13. The third kind of thermally driven compression heat pump mainly comprises a dual-energy compressor, an expansion speed increaser, a second dual-energy compressor, a second expansion speed increaser, a heat supplier, a low-temperature heat exchanger, a high-temperature heat exchanger and a heat regenerator; the external part is provided with a cold source medium channel which is communicated with a dual-energy compressor, the dual-energy compressor is also provided with a cold source medium channel which is communicated with an expansion speed increaser through a heat supplier and a heat regenerator, the expansion speed increaser is also provided with a cold source medium channel which is communicated with a second dual-energy compressor through a low-temperature heat exchanger and the heat regenerator, the second dual-energy compressor is also provided with a cold source medium channel which is communicated with the second expansion speed increaser through a high-temperature heat exchanger, and the second expansion speed increaser is also provided with a cold source medium channel which is communicated with the external part; the heat supply device is also provided with a heated medium channel communicated with the outside, the low-temperature heat exchanger is also provided with a low-temperature heat medium channel communicated with the outside, the high-temperature heat exchanger is also provided with a high-temperature heat medium channel communicated with the outside, and the expansion speed increaser and the second expansion speed increaser are connected with the dual-energy compressor and the second dual-energy compressor and transmit power to form a third-class heat-driven compression heat pump.

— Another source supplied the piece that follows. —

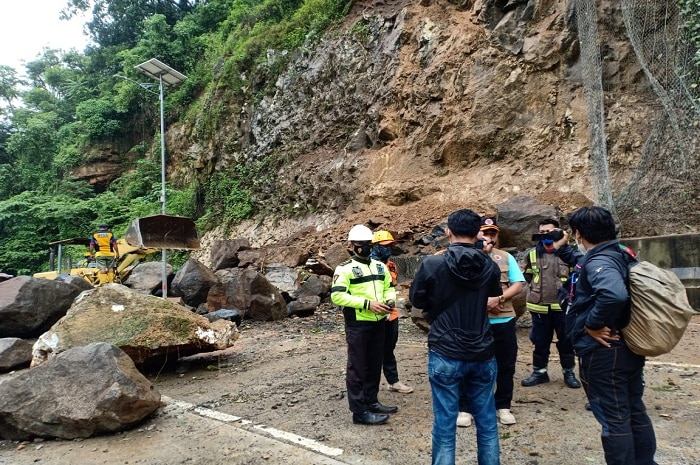 <p>Longsoran Sulbar/Dok. okezone news</p>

14. The third kind of heat-driven compression heat pump mainly comprises a dual-energy compressor, an expansion speed increaser, a second dual-energy compressor, a second expansion speed increaser, a heat supplier, a low-temperature heat exchanger, a cooler and a heat regenerator; the external part of the expansion speed increaser is provided with a high-temperature heat medium channel which is communicated with a second expansion speed increaser, the second expansion speed increaser is also provided with a high-temperature heat medium channel which is communicated with a dual-energy compressor through a cooler, the dual-energy compressor is also provided with a high-temperature heat medium channel which is communicated with the expansion speed increaser through a heat supplier and a heat regenerator, the expansion speed increaser is also provided with a high-temperature heat medium channel which is communicated with the second dual-energy compressor through a low-temperature heat exchanger and a heat regenerator, and the second dual-energy compressor is also provided with a high-temperature heat medium channel which is communicated with the external part; the heat supply device is also communicated with the outside through a heated medium channel, the low-temperature heat exchanger is also communicated with the outside through a low-temperature heat medium channel, the cooler is also communicated with the outside through a cold source medium channel, and the expansion speed increaser and the second expansion speed increaser are connected with the dual-energy compressor and the second dual-energy compressor and transmit power to form a third-class heat-driven compression heat pump.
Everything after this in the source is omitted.